So what should I do to get type Coverage, and work out the kinks of the party?


----------



## conorgenov (Aug 27, 2011)

I agree with justin in game battle all the way. luck and chance are two way streets, and taking it out seems to me like being a Stop Having Fun Guy. were never going to agree on this so let's agree to disagree. my strategy is using more dakka, if that fails I'm not using enough dakka. this strategy works in game (for gen 1-3 I haven't played D/P/PT) up until gen 5 near the end. the end game of gen 5 seems to actually need strategy for once. right now I'm training a pokemon that can swith abilities so I can what regigigas can do without slow start.


----------



## Eonflare (Oct 1, 2011)

TeenRyu said:


> what do you guys think of my Fifth Gen Team? (For the Haxorus, im going to be breeding another Salamence and Garchomp)
> 
> 
> Working on my build I realize I really don't have much synergy, and Little Type Coverage. I'd like to keep my build similar, though I will try switching out Haxorus with another dragon, or if I can eevee trained: well here is the team:
> ...



I thought that in Competitive battling, a general tip is that a Pokemon should never have more than one attacking move of the same type. That helps with type coverage.

With Metagross, why the adamant orb? doesn't that only work with dialga? I had a Metagross once, and I think I had a pretty good movepool with it (this was in Gen IV):

Meteor Mash
Earthquake
Thunderpunch
Agility

Meteor Mash is for a STAB attack which works well with Metagross' high 135 ATK stat and a total power of 150, the extra chance to raise atack helpful as well and a good enough accuracy

Earthquake is for general type coverage

Thunderpunch is for the bulky water types that might try to wall Meteor Mash, Meteor Mash with STAB still has the same power as a super effective hit from this attack though.

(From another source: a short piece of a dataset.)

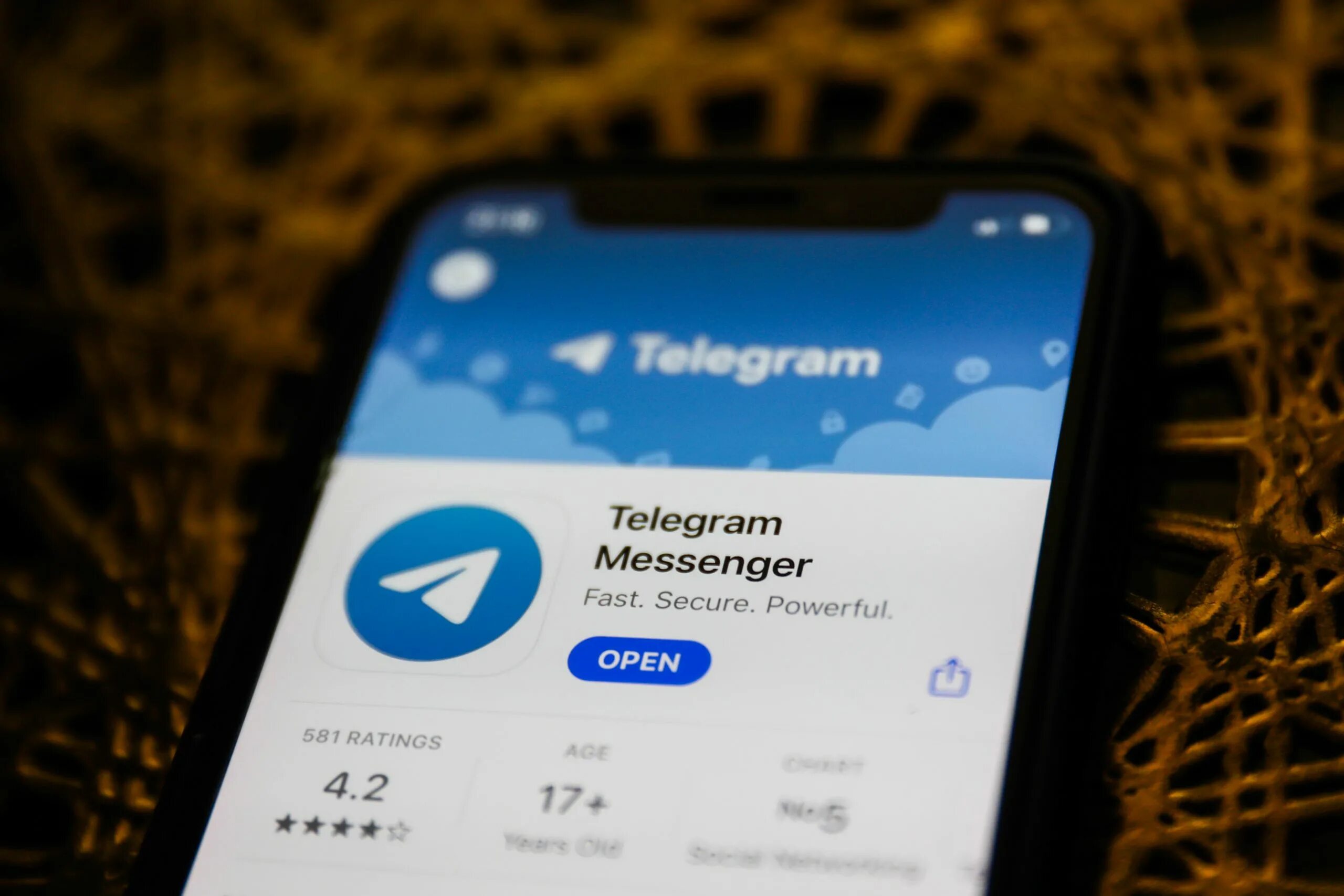 Телеграм год. Телеграм. Телеграм приложение. Возможности телеграм. Реклама в телеграм.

Metagross' only below average stat is it's speed, so Agility takes care of that

I found this movepool to be quite effective, I was fighting a friend and it managed to take out 2 of his pokemon and doing considerable damage to the third before falling.

Does your Haxorus have surf for a reason? Haxorus is supposed to use physical attacks based on it's outstanding ATK and lame SPATK


----------



## bbq sauce (Oct 10, 2011)

TeenRyu said:


> snip


Off the bat - Blaziken is banned to Ubers (technically speed boost Blazkien is banned, not sure about Blaziken with Blaze ability, though, I can't think of why you'd want to use that?)

Other than that - bold nature plus lefties looks like a defensive set, Blaziken doesn't have the defenses for that.. But then you have an attackers moveset. Plus you have 3 physical attacking moves on negative Atk nature.

Remove it and replace it with Infernape if you want a mixed attacker with the same typing.
--------------------------------
No idea why you're using Braviary at all tbph. And you have fly on it. Using fly is an automatic switch to a steel type - and it just so happens a steel type would resist its entire moveset. 

Don't use Braviary, it sucks.
--------------------------------
Haxorus is good, but, you're running a horrible set. First - you have negative Speed nature, and its awkward speed is already its biggest downfall. Second, you're running the lesser ability. 3rd, you're running surf, when it has a terrible special attack stat. Fourth, dragon dance is a much superior boosting move if that's what you want it to do. Doubling its attack is scary, but, it has frail defenses and most hard hitters outspeed it.

Use an adamant nature with Mold Breaker
Change swords dance to Dragon Dance
Leave Outrage
Give it Earthquake
and for the last spot, run Brick Break for the Pokemon that carry air balloons.
---------------------------------
You actually have a good nature for mixed Metagross, but, the problem is mixed metagross is a shitty set. And you have pretty terrible coverage.
1. never put psyshock on a mixed attacker, there's no point. Psyshock is a special attack that attacks physical defense. If your opponent has high sp.def and low def, just hit it with one of Metagross' physical attacks.
2. Adamant orb will do nothing for it. Steel plate is blah, just give it life orb if you wanna up its damage output.
3. run it as a pure physical attacker, choice band is best, but, life orb can work if you want a power drop for the sake of not locking into a move.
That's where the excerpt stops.